§ **INSTRUCTIONS FOR THE TASK**: In this exercise, the entries below include pictures. Repeat exactly the lines from the line with "25P - 神秘复学生" to the line with "Pokemon TCG Japanese", including both, but without the pictures.

§ **INFORMATION SHOWN**:
━━━━━━━━━━━━━━━━

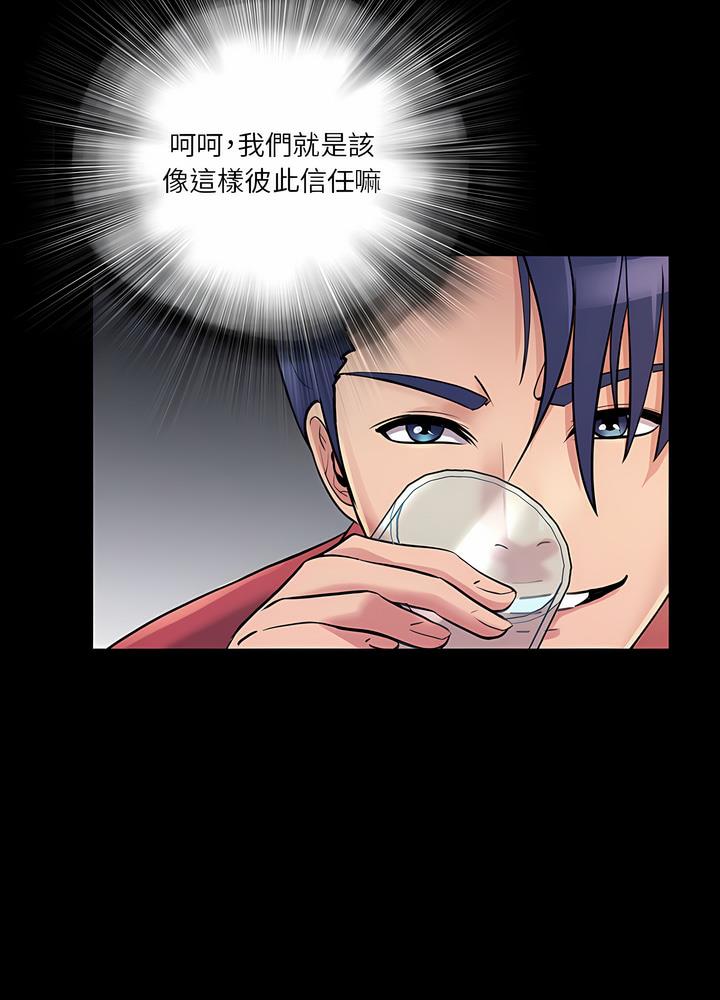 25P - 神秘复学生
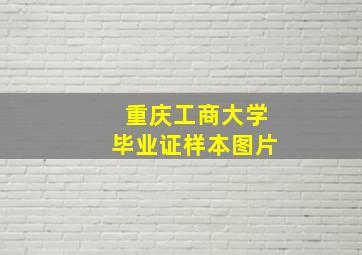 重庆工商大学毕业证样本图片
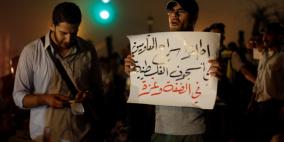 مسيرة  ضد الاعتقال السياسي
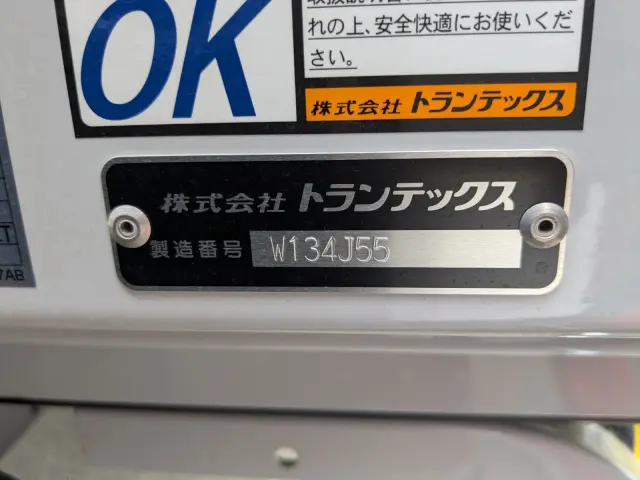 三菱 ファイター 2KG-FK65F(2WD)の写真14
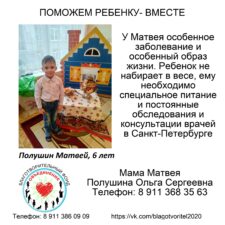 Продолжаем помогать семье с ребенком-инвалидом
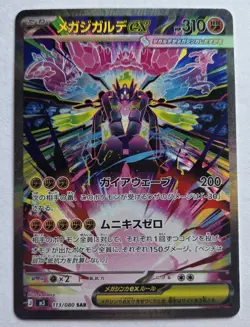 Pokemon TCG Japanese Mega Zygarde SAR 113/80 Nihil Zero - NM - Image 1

━━━━━━━━━━━━━━━━

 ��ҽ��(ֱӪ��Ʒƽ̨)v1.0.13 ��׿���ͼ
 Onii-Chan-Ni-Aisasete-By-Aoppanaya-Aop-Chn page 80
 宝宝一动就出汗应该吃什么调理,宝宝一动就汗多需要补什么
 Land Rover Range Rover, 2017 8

━━━━━━━━━━━━━━━━

§ **SOLUTION**:
 25P - 神秘复学生
 重庆工商大学毕业证样本图片
 مسيرة  ضد الاعتقال السياسي
 三菱 ファイター 2KG-FK65F(2WD)の写真14
 Продолжаем помогать семье с ребенком-инвалидом
 Pokemon TCG Japanese Mega Zygarde SAR 113/80 Nihil Zero - NM - Image 1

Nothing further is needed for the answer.